» **Assignment**
Keep the pictures out. Write out every line of the listing exactly.

» **Data shown**
Segment Open

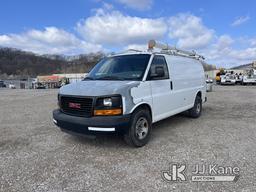 (Smock, PA) 2010 GMC Savana G2500 Cargo Van Runs & Moves, Rust & Body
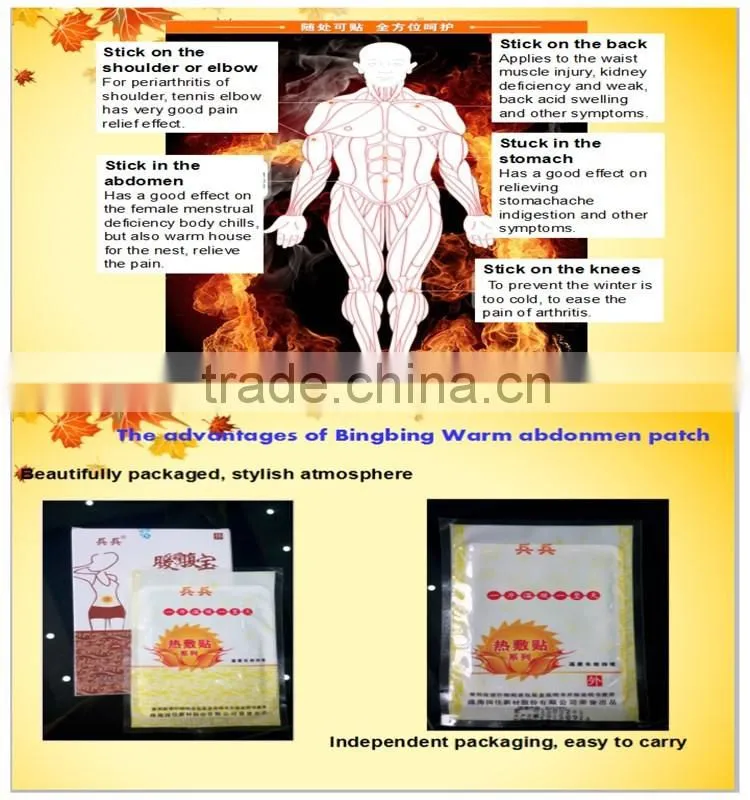 guojia Instant heat patch magic heat pad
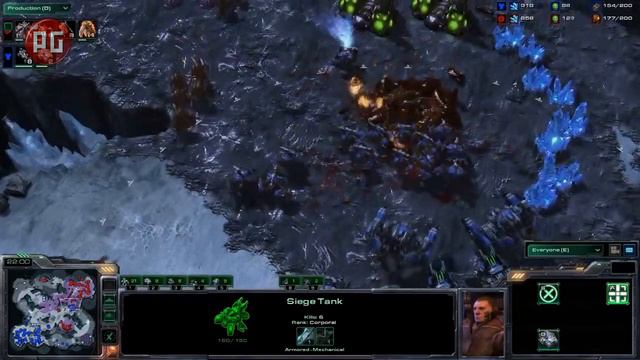 StarCraft 2: Heart of the Swarm. Видеопревью смотреть онлайн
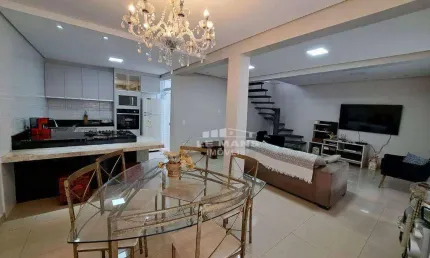 Casa a venda, 2 quartos, 2 suítes, 3 vagas, no bairro São Francisco em Piracicaba - SP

Segment Closed

» **Answer for the task**
 (Smock, PA) 2010 GMC Savana G2500 Cargo Van Runs & Moves, Rust & Body
 guojia Instant heat patch magic heat pad
 StarCraft 2: Heart of the Swarm. Видеопревью смотреть онлайн
 Casa a venda, 2 quartos, 2 suítes, 3 vagas, no bairro São Francisco em Piracicaba - SP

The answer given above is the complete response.